There are a few reasons cited by experts behind the growing number of divorce cases or breakups during the pandemic period. One of the reasons is the financial instability due to which married couples are finding it difficult to live their normal life.

Due to this, there are fights between romantic partners and it is leading to separations in most cases. People in China, the US, the UK, and Canada are majorly dealing with the impact of lockdown and it has led to emotional turmoil in their lives.

It is leading to many mental disorders and the result for it is differences between love partners. Since people are working from home, they get to spend a lot of time together. It is making them think about their situations and personal issues to a great extent.

Couples who were unhappy with their marriages for a long time are now opting for divorce or legal help to address their personal issues. Since people are spending a lot of time at home, they are also developing issues due to the controlling nature of in-laws.

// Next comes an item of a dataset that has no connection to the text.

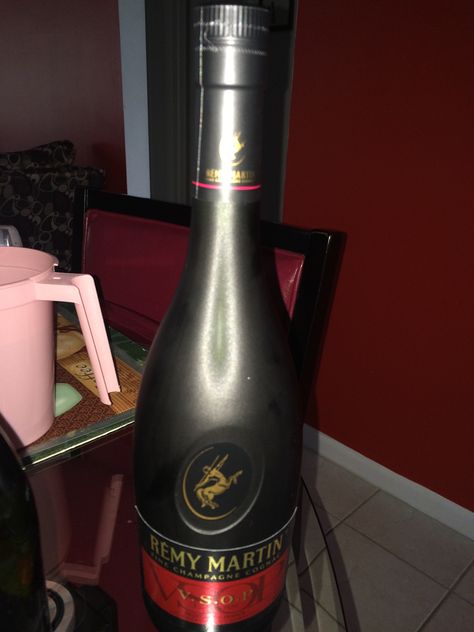 Remy Martin (Fine Champagne Cognac) Remy Martin, Martini, Cognac, Vodka, Whiskey, Wine Bottle, Champagne, Wine, Drinks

Hence, couples are choosing to file for divorce and seek child custody by consulting family lawyers. It has boomed the rush of couples in the family courts and the demand for family lawyers has increased a lot.

The idea of Bigtime Daily landed this engineer cum journalist from a multi-national company to the digital avenue. Matthew brought life to this idea and rendered all that was necessary to create an interactive and attractive platform for the readers. Apart from managing the platform, he also contributes his expertise in business niche.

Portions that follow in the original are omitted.